• **Exercise prompt**:
Beneath this task are the entries; from the line with "Kyle Lewis - 2022" through the last one, transcribe every line exactly and nothing else, skipping pictures.

• **Record set**:
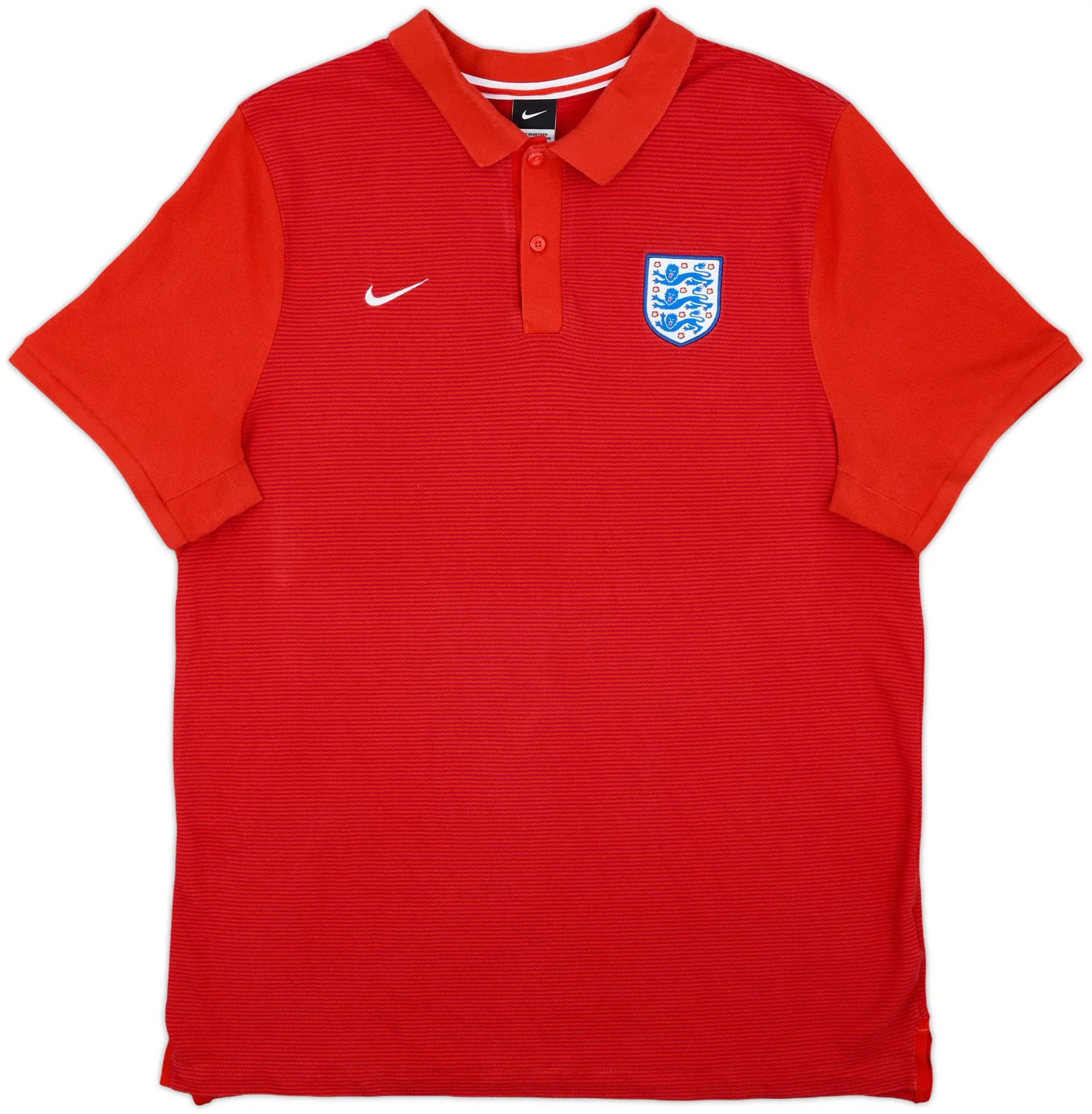 2016-17 England Nike Polo Shirt - 9/10 - (XXL)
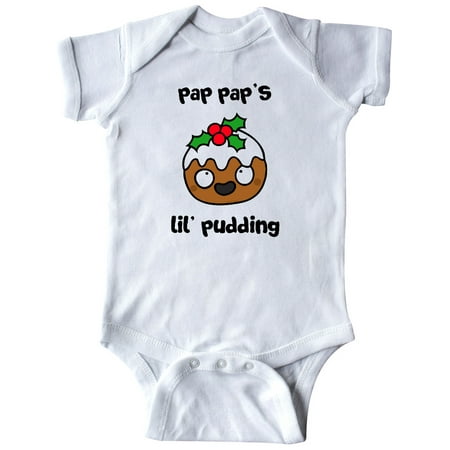 

Inktastic Pap Pap s Lil’ Pudding Gift Baby Boy or Baby Girl Bodysuit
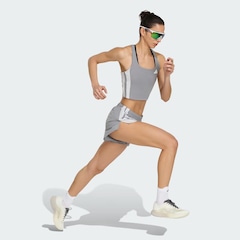 Top Cropped de Corrida adidas Adizero Archive Feminino - Foto 4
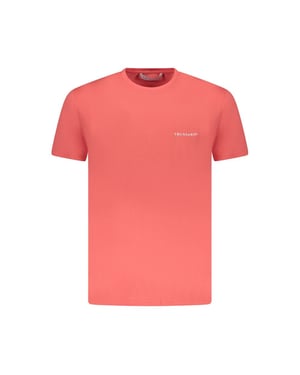 Camiseta de cuello redondo de manga corta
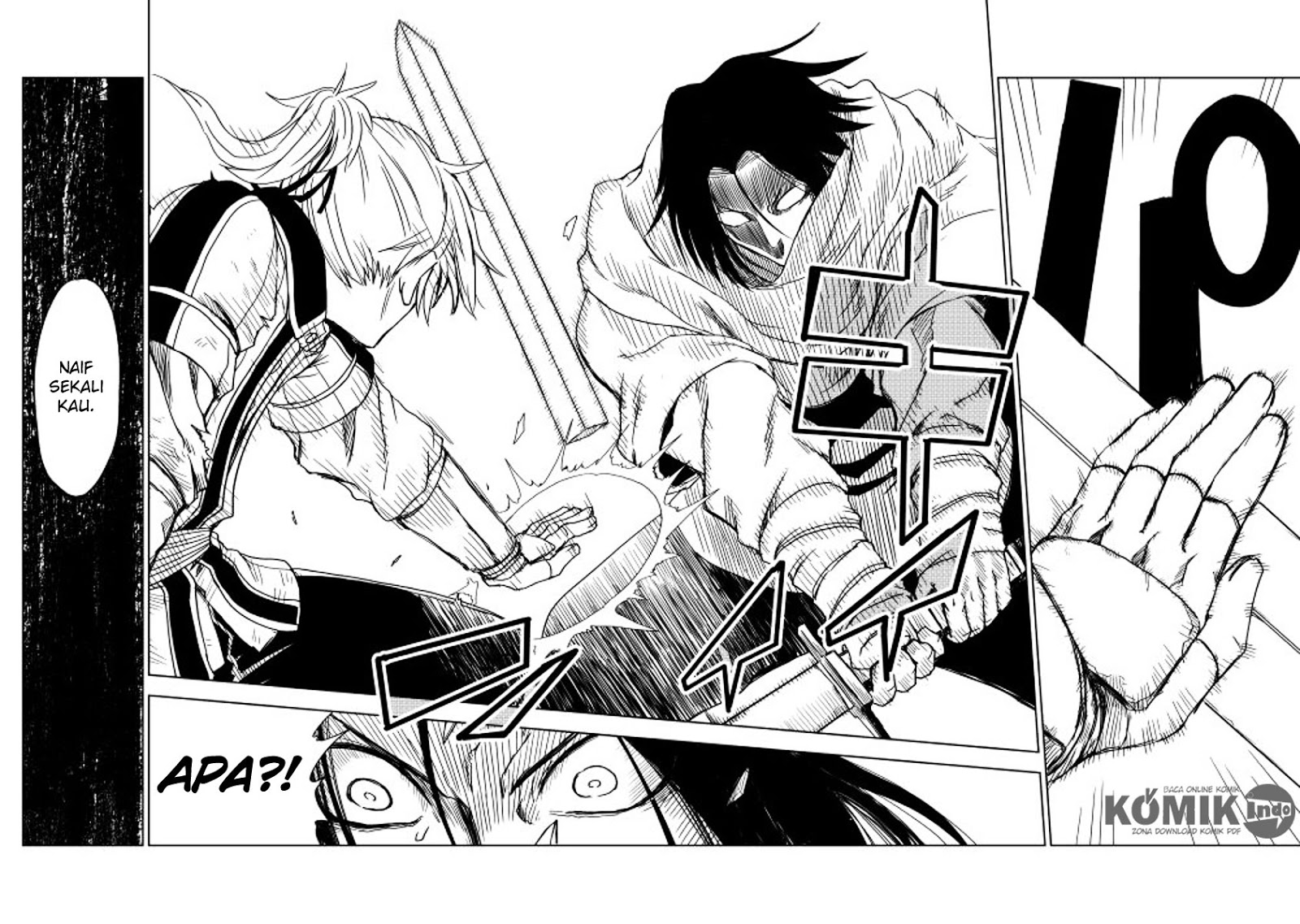 Isekai Tensei Soudouki chapter 9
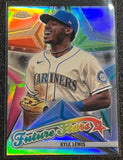 Kyle Lewis - 2022 Topps Chrome Baseball FUTURE STARS SILVER #FS-14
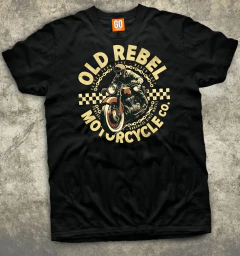 REMERA -OLD REBEL MC RIDER- en internet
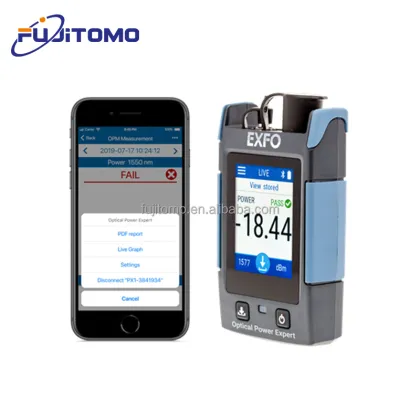 EXFO PX1 & PX1-Pro: Connected Optical Power Meter & Expert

• **Task response**:
 Kyle Lewis - 2022 Topps Chrome Baseball FUTURE STARS SILVER #FS-14
 REMERA -OLD REBEL MC RIDER- en internet
 EXFO PX1 & PX1-Pro: Connected Optical Power Meter & Expert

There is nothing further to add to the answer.